As well as fear of all kinds, the songs on Fear of Music discussed one of fear’s closest counterparts: paranoia. As the album’s title suggested, the fear described in these songs was such that it even extended to the fear of music itself, despite the fact that it WAS music.
During the album’s composition, frontman David Byrne pictured the characters in his songs as living in a dystopian world and wrote from that perspective. This veered from the detached, almost anthropological view towards human endeavors that Byrne had taken on the band’s first two albums, 1977’s Talking Heads: 77 and 1978’s More Songs About Buildings and Food. With titles like “Cities,” “Drugs,” “Paper” and “Air,” the songs on Fear of Music worked to explore and break down specific, basic concepts of modern human life.

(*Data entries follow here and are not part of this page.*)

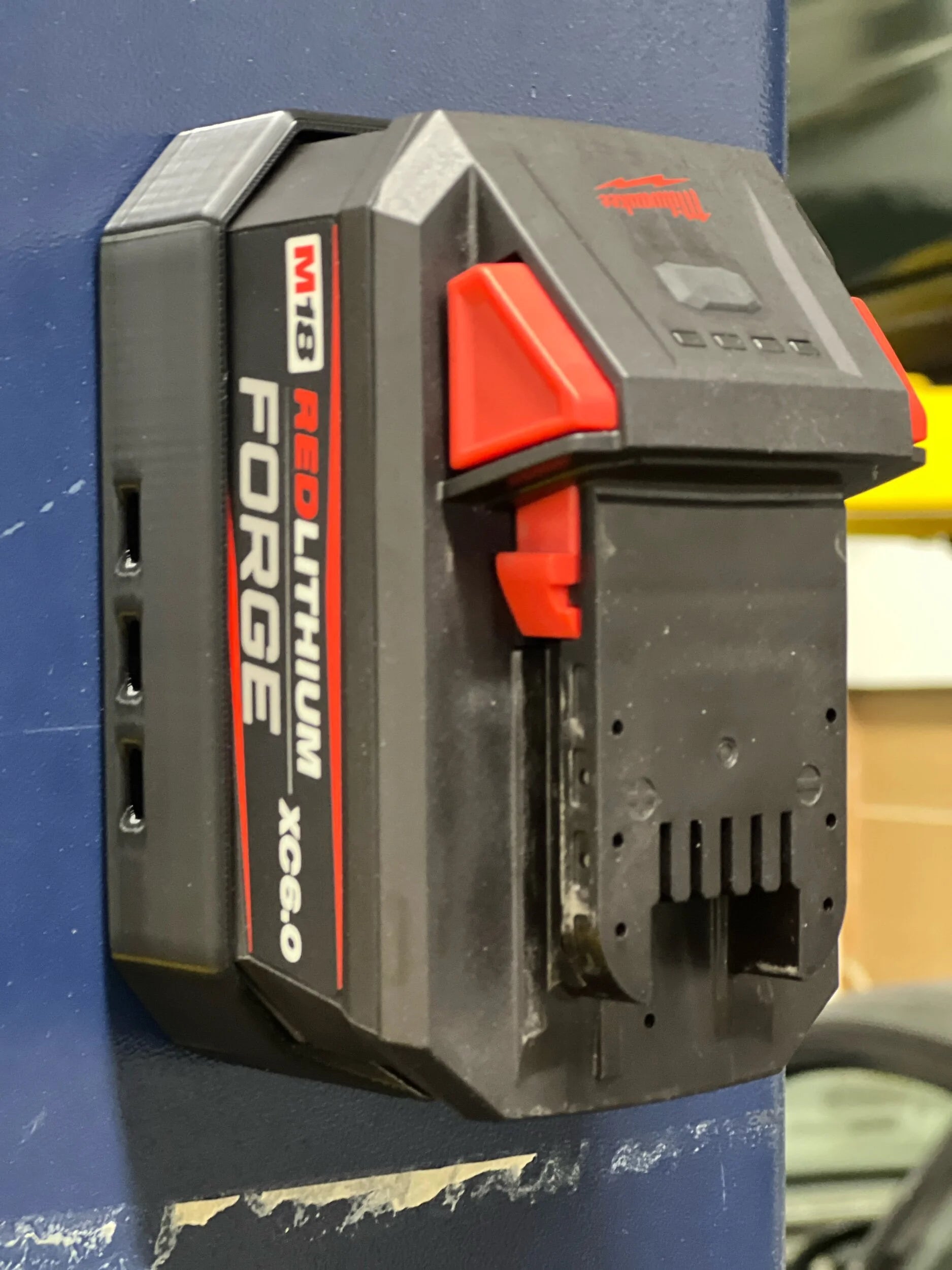 STS Auto Design Milwaukee Style M18 6.0 Forge Magnetic Battery Cover - MW1860FBK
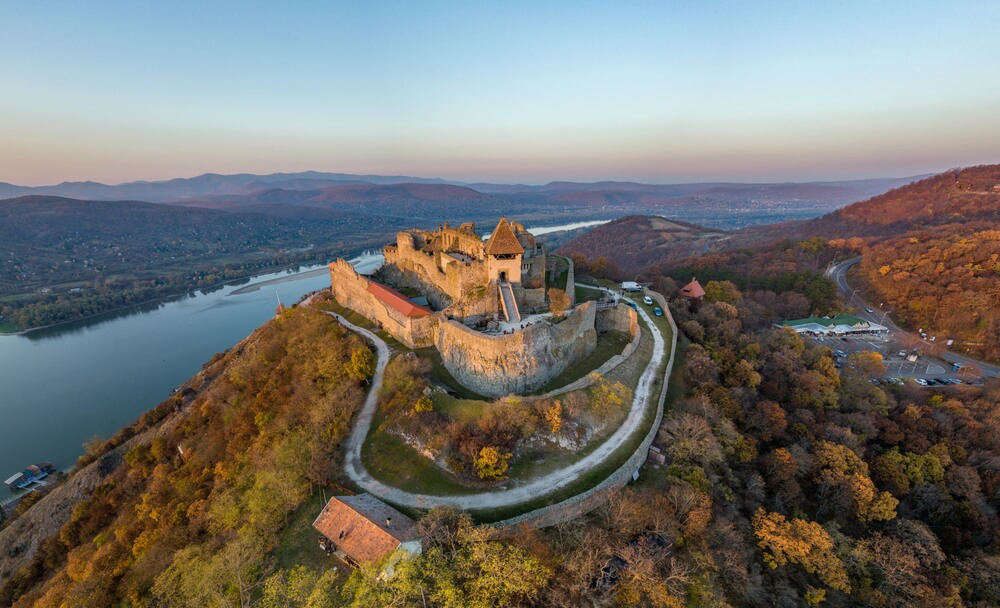 Die Burg von Visegrád an der Donau aus der Luft gesehen.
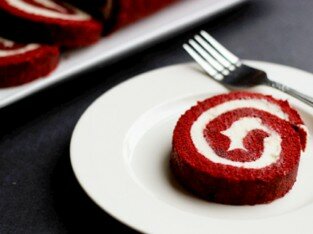 Học làm Red Velvet cuộn miễn phí cùng Yêu Bếp Gia Đình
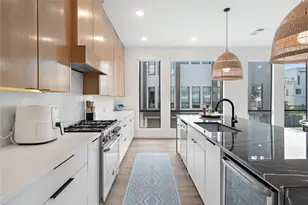 1006 Mobile St, Dallas, TX 75208 - Photo 3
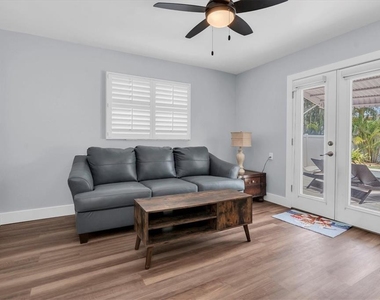 528 77th Avenue - Photo Thumbnail 5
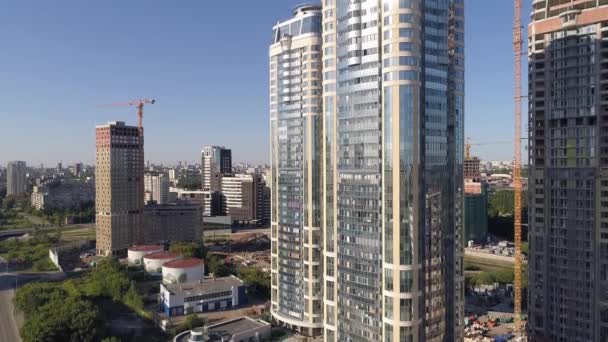 Vista Aérea Los Edificios Varios Pisos Ciudad Algunas Casas Han — Vídeo de stock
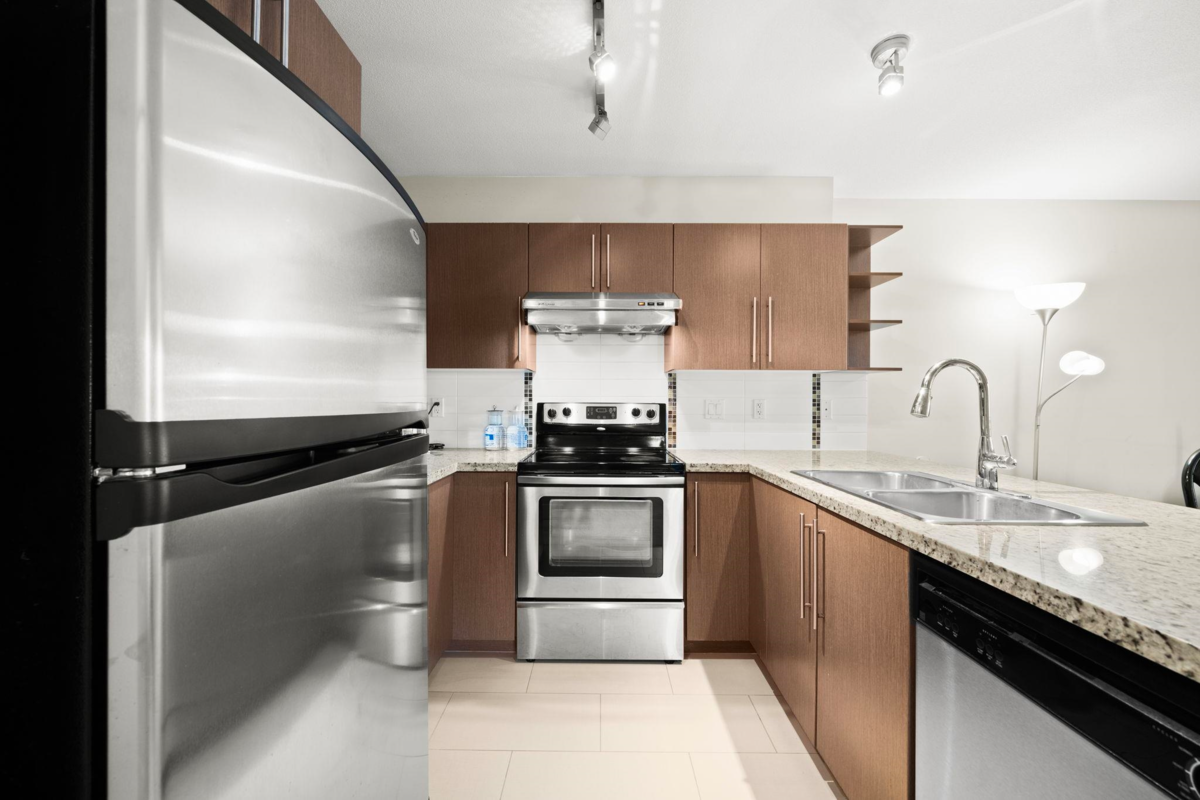 Kitchen Photo of 322 2088 Beta Avenue, Burnaby, BC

The first track, “I Zimbra,” demonstrated right away the band’s departure from their previously sparse, angular style of rock into something more world-music inspired. “I Zimbra” was based on the Dadaist poem “Gadji beri bimba” by Hugo Ball. With its nonsensical lyrics and African-themed beat, this song set the tone for the musically diverse and sometimes irreverent album that followed.However, the playfulness and irreverence of this first track was swiftly replaced with frustration on Fear of Music’s second song, “Mind,” which served as a reflection on how impossible it was to get through to people sometimes. In the song, no human constructs—religion, time, etc.—nor even Byrne himself succeeded in changing a person’s mind. At times, the desperate tone in Byrne’s voice made it seem like he was singing about the futility of trying to establish any type of contact or relationship with another person at all.
This album also contained one of Talking Heads’ most seminal songs, “Life During Wartime,” which was made so largely by its catchy, iconic lyrics. This track was also one of the record’s more straightforward rock offerings. Another track, “Memories Can’t Wait,” utilized sped-up vocals and science-fiction-y tones to result in an eerie atmosphere. The song “Air” sounded just like its title and inspiration, with a buoyant, almost happy tone that also veered towards the unsettling. In this song, Byrne described the dilemma of not even being able to trust the air you breathe not to kill you.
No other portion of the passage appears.